At age 3, he started singing in the school choir and later picked up the violin at age 6 and piano at age 7. He started improvising and composing in his free time and soon joined the Granada Professional Conservatory.

He quickly fell in love with Bach and Beethoven, and scores like the one to The Nightmare Before Christmas, and later discovered Stravinsky, Alberto Iglesias, Ennio Morricone, Lily Boulanger, John Barry, Bill Evans, Quincy Jones, Alexandre Desplat, and other composers who would become his heroes.

Pedro's piano professor would get mad when he played "fake" Beethoven, switching melodies and chords to make the music happy, sad, or scary. Music became about being playful and about communicating emotions. When he discovered being a composer who writes music for films was a job, he decided he wanted to do that for the rest of his life.
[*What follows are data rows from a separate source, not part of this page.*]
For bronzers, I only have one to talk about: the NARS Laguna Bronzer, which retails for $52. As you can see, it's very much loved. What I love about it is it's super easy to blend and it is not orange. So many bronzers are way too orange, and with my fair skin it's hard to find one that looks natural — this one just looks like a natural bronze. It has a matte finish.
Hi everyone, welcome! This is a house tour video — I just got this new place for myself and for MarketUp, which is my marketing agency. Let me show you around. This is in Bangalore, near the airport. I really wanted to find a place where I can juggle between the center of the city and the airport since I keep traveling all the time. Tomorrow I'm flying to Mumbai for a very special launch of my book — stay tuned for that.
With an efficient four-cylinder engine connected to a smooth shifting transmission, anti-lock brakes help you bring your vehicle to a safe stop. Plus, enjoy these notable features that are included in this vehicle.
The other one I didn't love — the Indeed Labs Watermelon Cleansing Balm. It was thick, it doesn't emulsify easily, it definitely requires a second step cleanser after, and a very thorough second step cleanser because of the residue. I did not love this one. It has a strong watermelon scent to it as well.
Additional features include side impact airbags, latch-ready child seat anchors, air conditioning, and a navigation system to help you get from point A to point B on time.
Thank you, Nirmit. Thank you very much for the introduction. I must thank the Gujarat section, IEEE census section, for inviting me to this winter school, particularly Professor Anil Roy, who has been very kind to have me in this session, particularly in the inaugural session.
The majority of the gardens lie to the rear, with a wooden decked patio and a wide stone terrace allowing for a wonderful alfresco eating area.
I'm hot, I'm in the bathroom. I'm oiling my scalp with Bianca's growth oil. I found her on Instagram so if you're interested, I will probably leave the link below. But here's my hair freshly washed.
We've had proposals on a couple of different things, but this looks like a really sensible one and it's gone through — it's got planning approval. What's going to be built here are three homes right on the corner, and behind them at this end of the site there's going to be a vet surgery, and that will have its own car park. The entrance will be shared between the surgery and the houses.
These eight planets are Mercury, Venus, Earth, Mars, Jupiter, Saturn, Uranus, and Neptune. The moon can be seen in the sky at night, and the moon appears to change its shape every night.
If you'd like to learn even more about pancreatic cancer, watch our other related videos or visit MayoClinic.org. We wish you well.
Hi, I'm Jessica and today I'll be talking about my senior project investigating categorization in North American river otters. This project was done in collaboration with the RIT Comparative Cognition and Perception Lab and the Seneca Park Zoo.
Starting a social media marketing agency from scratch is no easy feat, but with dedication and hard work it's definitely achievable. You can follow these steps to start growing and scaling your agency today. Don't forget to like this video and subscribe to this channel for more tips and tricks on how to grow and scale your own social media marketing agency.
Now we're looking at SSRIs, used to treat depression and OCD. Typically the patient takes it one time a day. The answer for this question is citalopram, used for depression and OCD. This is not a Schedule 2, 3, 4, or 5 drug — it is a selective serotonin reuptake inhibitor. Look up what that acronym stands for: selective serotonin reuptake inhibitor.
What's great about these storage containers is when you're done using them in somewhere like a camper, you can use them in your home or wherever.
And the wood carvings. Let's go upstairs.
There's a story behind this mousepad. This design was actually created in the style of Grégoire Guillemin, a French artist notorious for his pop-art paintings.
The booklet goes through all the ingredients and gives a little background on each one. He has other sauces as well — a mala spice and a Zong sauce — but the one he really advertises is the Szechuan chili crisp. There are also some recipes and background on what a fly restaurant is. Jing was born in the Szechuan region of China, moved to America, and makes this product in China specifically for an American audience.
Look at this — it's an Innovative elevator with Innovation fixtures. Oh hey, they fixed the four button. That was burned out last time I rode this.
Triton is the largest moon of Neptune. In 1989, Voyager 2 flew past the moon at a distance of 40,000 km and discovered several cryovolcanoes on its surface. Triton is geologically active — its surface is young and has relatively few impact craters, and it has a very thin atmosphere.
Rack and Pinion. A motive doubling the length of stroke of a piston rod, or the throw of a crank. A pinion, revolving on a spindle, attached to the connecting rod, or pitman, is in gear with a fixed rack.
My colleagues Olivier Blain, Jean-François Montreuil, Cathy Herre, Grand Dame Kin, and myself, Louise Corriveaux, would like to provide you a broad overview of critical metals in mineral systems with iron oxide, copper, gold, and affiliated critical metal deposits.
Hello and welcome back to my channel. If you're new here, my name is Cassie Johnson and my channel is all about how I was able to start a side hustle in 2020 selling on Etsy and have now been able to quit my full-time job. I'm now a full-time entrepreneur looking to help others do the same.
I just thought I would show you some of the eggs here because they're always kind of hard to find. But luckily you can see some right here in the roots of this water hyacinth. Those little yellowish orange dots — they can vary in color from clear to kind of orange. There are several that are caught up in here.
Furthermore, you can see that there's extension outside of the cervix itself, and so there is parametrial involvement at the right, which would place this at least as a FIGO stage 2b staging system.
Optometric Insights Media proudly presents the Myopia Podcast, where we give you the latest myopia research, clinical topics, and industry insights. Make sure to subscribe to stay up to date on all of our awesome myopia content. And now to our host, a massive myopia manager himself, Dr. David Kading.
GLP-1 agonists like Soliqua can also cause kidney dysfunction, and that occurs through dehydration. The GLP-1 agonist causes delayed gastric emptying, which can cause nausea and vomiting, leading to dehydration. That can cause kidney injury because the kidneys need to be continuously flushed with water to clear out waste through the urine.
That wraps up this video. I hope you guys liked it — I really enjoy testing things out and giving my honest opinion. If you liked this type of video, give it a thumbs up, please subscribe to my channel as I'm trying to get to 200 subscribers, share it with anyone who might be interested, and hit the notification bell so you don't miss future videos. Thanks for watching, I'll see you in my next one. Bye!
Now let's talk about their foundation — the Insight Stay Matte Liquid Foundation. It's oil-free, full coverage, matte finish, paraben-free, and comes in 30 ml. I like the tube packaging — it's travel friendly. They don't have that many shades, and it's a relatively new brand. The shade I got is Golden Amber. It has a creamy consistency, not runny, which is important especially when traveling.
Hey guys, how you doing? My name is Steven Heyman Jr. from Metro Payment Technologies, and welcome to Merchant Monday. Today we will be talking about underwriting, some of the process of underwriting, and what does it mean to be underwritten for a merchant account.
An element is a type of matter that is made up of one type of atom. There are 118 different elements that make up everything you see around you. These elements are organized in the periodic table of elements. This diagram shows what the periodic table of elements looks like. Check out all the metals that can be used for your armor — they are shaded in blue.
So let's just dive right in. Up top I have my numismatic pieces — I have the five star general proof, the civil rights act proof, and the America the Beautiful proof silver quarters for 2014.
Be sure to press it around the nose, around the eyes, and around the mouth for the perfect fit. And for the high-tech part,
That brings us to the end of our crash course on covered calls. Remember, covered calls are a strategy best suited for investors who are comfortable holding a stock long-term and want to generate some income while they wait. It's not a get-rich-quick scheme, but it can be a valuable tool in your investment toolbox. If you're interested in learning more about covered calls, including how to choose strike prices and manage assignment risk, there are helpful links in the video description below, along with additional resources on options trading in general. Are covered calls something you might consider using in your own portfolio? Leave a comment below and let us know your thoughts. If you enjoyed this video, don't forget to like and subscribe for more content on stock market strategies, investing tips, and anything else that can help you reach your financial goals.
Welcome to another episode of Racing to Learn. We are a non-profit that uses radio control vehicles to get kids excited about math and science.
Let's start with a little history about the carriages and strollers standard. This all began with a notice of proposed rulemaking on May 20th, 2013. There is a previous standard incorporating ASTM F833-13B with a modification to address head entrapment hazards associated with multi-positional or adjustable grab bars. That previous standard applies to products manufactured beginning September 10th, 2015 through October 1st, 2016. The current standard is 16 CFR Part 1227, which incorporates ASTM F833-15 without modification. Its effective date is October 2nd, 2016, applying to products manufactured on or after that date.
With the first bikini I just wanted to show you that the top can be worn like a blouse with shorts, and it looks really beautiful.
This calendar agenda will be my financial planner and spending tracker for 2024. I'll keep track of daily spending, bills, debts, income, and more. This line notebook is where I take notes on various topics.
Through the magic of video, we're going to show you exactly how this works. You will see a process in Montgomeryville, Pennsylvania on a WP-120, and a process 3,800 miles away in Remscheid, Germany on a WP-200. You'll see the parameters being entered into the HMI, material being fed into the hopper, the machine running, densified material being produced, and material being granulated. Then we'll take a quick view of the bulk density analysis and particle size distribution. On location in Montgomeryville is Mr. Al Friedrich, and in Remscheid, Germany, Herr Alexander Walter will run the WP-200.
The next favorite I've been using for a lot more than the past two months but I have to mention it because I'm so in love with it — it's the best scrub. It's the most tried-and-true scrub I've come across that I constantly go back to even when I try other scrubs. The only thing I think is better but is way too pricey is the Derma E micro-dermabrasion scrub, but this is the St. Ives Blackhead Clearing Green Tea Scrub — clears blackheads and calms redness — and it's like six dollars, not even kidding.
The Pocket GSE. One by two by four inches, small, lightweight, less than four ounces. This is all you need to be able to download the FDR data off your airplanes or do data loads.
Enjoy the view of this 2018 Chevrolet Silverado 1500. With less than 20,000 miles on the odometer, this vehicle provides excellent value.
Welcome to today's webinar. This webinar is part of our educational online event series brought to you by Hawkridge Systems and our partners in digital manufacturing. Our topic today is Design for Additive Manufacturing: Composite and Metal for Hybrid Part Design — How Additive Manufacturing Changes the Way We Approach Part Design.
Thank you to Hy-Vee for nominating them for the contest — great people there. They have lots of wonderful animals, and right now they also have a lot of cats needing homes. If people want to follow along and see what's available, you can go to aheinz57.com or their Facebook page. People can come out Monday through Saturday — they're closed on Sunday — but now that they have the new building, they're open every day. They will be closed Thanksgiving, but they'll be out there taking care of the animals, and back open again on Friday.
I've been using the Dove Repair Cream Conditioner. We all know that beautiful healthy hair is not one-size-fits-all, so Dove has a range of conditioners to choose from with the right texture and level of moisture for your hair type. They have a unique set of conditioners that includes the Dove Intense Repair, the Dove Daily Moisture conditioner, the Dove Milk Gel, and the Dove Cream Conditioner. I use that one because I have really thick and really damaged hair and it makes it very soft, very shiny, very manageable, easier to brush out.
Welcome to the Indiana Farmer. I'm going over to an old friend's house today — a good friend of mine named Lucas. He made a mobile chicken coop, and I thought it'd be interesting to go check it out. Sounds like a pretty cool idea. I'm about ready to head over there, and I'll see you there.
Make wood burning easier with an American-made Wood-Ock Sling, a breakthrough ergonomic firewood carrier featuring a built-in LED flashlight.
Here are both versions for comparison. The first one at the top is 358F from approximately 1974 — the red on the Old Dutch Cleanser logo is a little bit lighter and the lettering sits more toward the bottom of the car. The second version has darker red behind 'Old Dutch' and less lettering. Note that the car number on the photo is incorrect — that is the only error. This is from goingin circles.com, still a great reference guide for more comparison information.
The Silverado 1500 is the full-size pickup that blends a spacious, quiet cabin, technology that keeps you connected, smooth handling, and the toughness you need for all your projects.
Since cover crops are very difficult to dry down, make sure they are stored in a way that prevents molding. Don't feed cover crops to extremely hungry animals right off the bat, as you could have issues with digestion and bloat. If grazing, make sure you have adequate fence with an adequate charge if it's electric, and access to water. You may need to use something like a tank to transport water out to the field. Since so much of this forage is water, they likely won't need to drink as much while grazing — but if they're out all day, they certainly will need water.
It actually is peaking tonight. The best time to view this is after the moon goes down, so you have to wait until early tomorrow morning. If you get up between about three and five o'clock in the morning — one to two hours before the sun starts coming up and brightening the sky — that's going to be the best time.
He got his start as an assistant, and 2 years later he got a scholarship to study Film Scoring, Conducting, and Composition at Berklee College of Music in Boston. He studied with Nadia Boulanger's student Isaiah Jackson, Emmy-winning Sheldon Mirowitz and Grammy/Emmy winning Claudio Ragazzi. He was also the President of the Society of Composers, taught music technology and held the position of Assistant Conductor at the Berklee Contemporary Symphony Orchestra.

Pedro received the most prestigious award given by the Berklee Film Scoring department –the George Delerue Award–, an Honorable Mention by MTNA competition, a Special Mention for "Most Remarkable Musician" at the IBLA Grand Prize, and the Rick Applin Award for outstanding achievement in fugue composition. He later earned the recognition of excellence for best composition at the prestigious Academia Chigiana in Siena, Italy.

Thanks to the Wachter Fellowship, he lived in Los Angeles during the summer of 2018, where he worked for EMMY-winning composer Lucas Vidal on the Netflix hit show ELITE. During his last year in school, he got the opportunity to write additional music for the Academy Award-nominated film Klaus (2019), making history as the youngest Berklee student to work on the music for an Oscar-nominated film. He graduated Summa Cum Laude in December 2019.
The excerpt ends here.